Em sua dissertação de mestrado, apresentada no Instituto de Oceanografia (IOUSP), o oceanógrafo Lucas Citele caracteriza o geohabitat de fundo ao redor do Parque Estadual Ilha Anchieta (PEIA) e sua relação com a ictiofauna. Neste processo de mapeamento, o trabalho observou a presença de mais de 280 espécies que apresentam risco de extinção na ilha. O estudo foi capaz de concluir mais uma vez a importância ecológica da região, tanto para a conservação de espécies, quanto para a manutenção do estoque pesqueiro.
O PEIA foi originalmente ocupado por povos indígenas e é localizado no município de Ubatuba. No parque, foi formada uma comunidade Caiçara, que foi expulsa da região pelo Estado para a construção de um presídio, no ano de 1904. Esse foi o prenúncio de uma relação conflituosa com as comunidades da região, prolongada ao longo dos anos. Em 1955, a Secretaria de Segurança do Estado passou a administração da área à Secretaria do Meio Ambiente, criando-se, assim, o parque como hoje é conhecido: uma unidade de conservação. “Essa unidade de conservação é terrestre, então não tem uma restrição de uso do ambiente marinho. Mas, associado a isso, em 1983, a Superintendência do Desenvolvimento de Pesca criou o polígono de interdição de pesca, tornando ilegal a atividade na ilha”, comentou Lucas. A partir disso, as comunidades que residem na região foram proibidas de pescar na Ilha Anchieta e muitos de seus membros, ainda hoje, continuam sem entender os porquês. O trabalho do oceanógrafo consegue trazer uma elucidação acerca da importância ecológica e econômica do parque estadual.
Manutenção de espécies
A Ilha Anchieta é caracterizada por dar resguardo para algumas espécies que não são encontradas em outras áreas. Algumas espécies de cunho comercial são facilmente encontradas na ilha, por exemplo, não sendo avistadas em quantidade significativa em outras regiões que tenham a pesca liberada. “Meu trabalho pode potencializar essa visão de produção econômica para além dos limites da unidade de conservação”, reiterou Citele.

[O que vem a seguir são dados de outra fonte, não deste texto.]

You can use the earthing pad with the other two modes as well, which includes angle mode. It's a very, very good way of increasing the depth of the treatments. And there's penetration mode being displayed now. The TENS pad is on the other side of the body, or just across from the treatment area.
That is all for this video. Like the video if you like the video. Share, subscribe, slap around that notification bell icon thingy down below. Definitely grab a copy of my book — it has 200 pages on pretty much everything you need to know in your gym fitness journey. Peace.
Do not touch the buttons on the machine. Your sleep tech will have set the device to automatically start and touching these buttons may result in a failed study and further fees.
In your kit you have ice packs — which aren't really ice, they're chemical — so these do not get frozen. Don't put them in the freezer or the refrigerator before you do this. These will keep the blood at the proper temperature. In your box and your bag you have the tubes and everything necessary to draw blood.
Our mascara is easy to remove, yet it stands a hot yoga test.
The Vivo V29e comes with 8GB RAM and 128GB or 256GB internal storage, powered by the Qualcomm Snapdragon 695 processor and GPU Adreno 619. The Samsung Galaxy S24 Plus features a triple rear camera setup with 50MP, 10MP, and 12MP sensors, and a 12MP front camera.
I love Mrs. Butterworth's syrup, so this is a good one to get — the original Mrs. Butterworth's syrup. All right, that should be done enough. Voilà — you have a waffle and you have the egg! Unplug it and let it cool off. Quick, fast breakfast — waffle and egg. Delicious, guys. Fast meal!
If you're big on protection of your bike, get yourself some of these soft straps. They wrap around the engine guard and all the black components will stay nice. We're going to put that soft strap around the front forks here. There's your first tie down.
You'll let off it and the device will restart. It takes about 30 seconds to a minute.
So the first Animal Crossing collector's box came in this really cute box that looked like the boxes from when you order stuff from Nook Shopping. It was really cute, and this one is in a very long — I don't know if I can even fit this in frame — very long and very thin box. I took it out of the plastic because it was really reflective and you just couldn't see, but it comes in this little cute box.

O estudo, além da importância econômica da região e sucesso no turismo ecológico, mostrou a descoberta de um grande banco de algas no PEIA. Ainda não se tinha nenhum registro desse banco na região de Ubatuba. Por meio de imagens foi possível mapear e georreferenciar o banco de algas, mas não foi possível reconhecer quais as espécies que o formam. “As algas são produtores primários e estão na base da teia trófica, então as espécies acabam se alimentando delas diretamente, além de servir de abrigo para outros indivíduos. Essa área é provavelmente um grande hot spot da diversidade e de sustentação da teia trófica. Então, nela, os herbívoros, vertebrados ou invertebrados, se alimentam, servindo de alimento para espécies maiores, o que sustenta essa teia”, disse o estudioso.
O entorno marinho da Ilha Anchieta já é protegido há mais de 40 anos, sendo proibida a atividade de uso direto de recursos dessa região. O parque é um local que tem uma gestão efetiva, com fiscalização e cuidados reais com a área. Assim, foi permitido que muitas espécies pudessem se utilizar da ilha para alimentação, reprodução e crescimento, ajudando na povoação de outras regiões.

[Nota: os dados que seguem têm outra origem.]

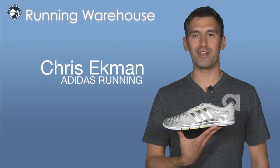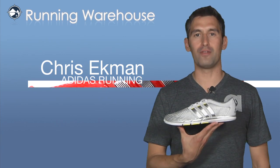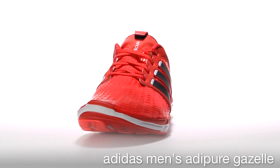Hi, I'm Chris with Adidas Running, here with my friends at Running Warehouse today to introduce the Adipure Gazelle for men. The Gazelle is a member of our Adipure toolkit, designed to promote greater running efficiency.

Lucas trabalhou durante 7 anos no parque e comentou que, na prática, muitas espécies, que são de interesse comercial e juvenis, não eram mais encontradas após certo tempo após seu nascimento no parque. Concluiu-se que a Ilha Anchieta serviria como berçário para outros habitats marinhos. A partir de seu estudo e entendimento sobre a região tratada, o trabalho foi além do mapeamento da ilha e possibilitou um respaldo científico da importância da manutenção da área, em seus aspectos sociais, econômicos, ecológicos e históricos.